Below, German infantry in the Soviet Union, 1941


By November 1941, the Soviet armies and cold weather finally slowed the mighty German army in front of Leningrad and Moscow. Casualties were monumental on both sides. By late autumn, Germany, which already occupied with Italy most of Europe, had driven deep into Russia.



In North Africa, the German and Italian Armies threatened the British protectorate of Egypt and the Suez Canal, the life line to the British Empire in Asia.

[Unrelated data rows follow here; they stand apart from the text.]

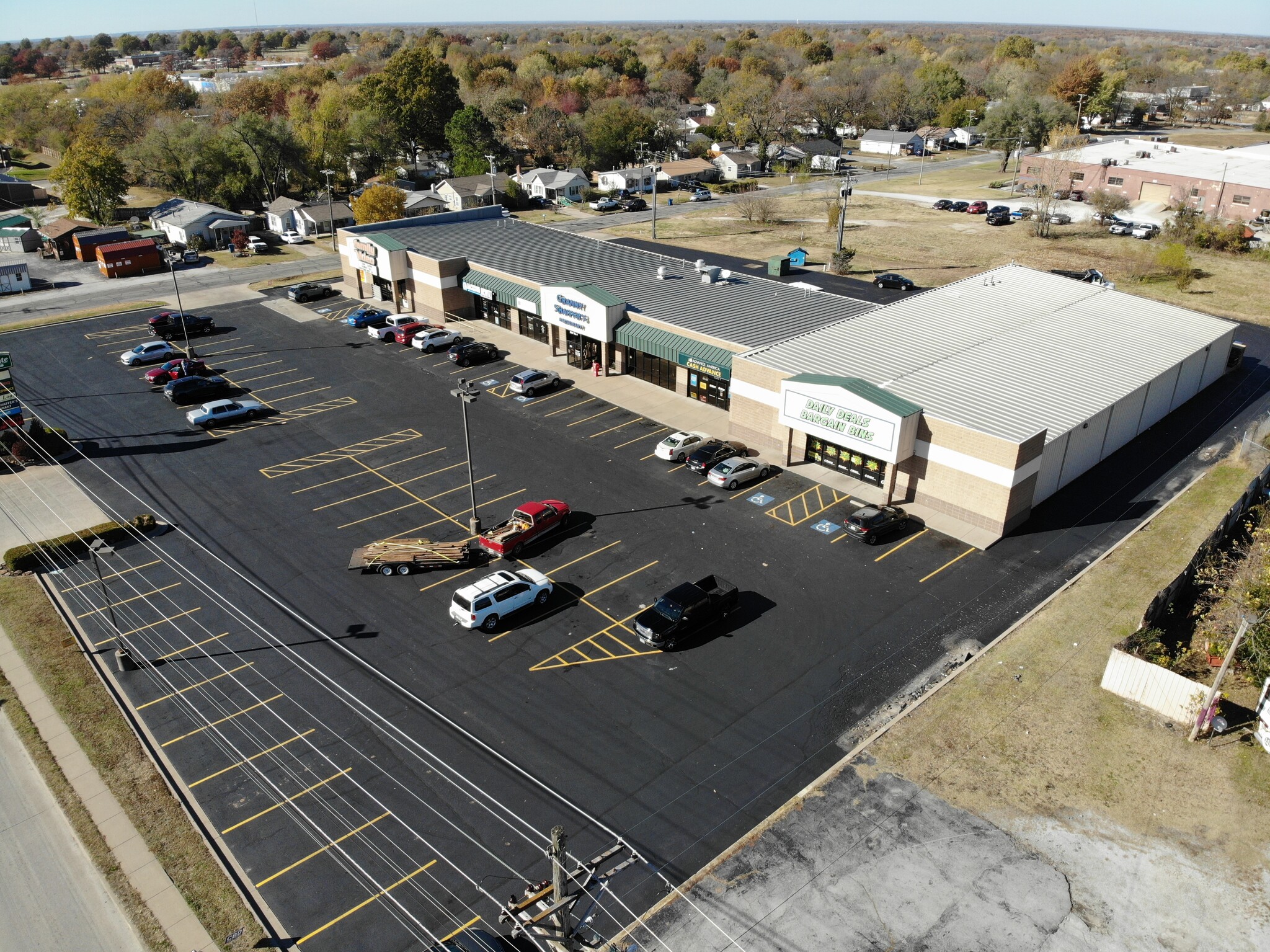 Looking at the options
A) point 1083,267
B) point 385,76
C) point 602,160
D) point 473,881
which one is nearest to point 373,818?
point 473,881

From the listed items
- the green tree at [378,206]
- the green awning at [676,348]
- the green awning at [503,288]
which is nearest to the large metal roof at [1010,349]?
the green awning at [676,348]

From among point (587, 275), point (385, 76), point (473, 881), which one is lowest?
point (473, 881)

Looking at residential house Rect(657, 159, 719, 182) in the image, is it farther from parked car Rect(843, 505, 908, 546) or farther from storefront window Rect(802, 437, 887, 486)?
parked car Rect(843, 505, 908, 546)

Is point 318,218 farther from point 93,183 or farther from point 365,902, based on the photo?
point 365,902

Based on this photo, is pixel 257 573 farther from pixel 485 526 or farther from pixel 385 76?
pixel 385 76

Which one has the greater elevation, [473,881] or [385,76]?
[385,76]

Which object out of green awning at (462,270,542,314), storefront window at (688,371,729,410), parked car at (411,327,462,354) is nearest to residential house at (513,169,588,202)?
green awning at (462,270,542,314)

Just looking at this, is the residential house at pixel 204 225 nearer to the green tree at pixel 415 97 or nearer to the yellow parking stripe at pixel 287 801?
the green tree at pixel 415 97

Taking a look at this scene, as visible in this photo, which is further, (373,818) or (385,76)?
(385,76) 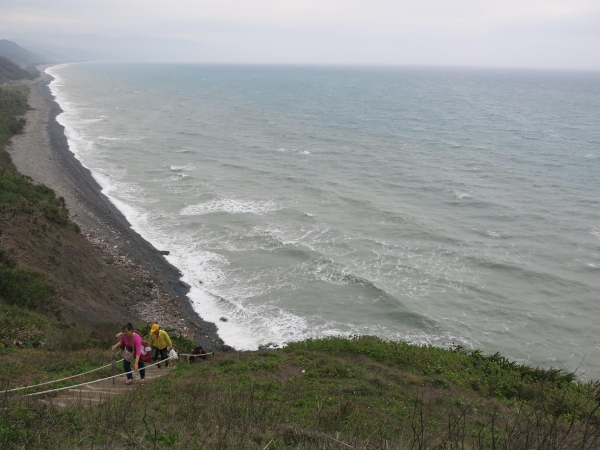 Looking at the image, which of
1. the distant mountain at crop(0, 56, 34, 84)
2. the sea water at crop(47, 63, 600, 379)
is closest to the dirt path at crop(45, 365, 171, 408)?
the sea water at crop(47, 63, 600, 379)

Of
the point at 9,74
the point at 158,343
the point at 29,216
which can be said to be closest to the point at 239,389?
the point at 158,343

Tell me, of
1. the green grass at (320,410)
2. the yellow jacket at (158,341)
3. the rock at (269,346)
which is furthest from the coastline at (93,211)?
the green grass at (320,410)

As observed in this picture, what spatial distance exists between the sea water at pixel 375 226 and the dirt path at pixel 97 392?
368 inches

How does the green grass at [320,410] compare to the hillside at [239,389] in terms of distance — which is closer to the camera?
the green grass at [320,410]

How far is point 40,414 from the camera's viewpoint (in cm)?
767

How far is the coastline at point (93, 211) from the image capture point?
72.7 feet

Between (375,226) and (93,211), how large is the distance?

In the Pacific, a Japanese fleet of aircraft carriers prepared to sail as relations between the Emperor's military government and the Roosevelt administration neared a breaking point.  In late November, based on decoded radio intercepts, the War Department issued a 'war warning' to U.S. forces in the Pacific. For the United States, events were moving to a tragic climax.
Rather than take the Army draft, Bishop Holliman of Irondale, Alabama, a student at Birmingham-Southern College, decided to join the U.S. Navy. November 13, 1941, his parents, Ulyss and Pearl, brother Ralph and brother-in-law Robert Daly, Vena Hollman Daly and Mary Daly saw him climb aboard the Seaboard in Birmingham and take the train to Norfolk. Bishop's war began at the Naval Training Station in southeast Virginia.  Below, the young Bishop Holliman as a Navy trainee as the nation approached Pearl Harbor.





 
Brother-in-law, Robert W. Daly, Sr., ever the humorist, wrote in his first letter to Bishop, a devout Methodist, at boot camp on November 15, 1941, these words 'quoting' Ulyss S. Holliman, Bishop's father, who accompanied him to the train station.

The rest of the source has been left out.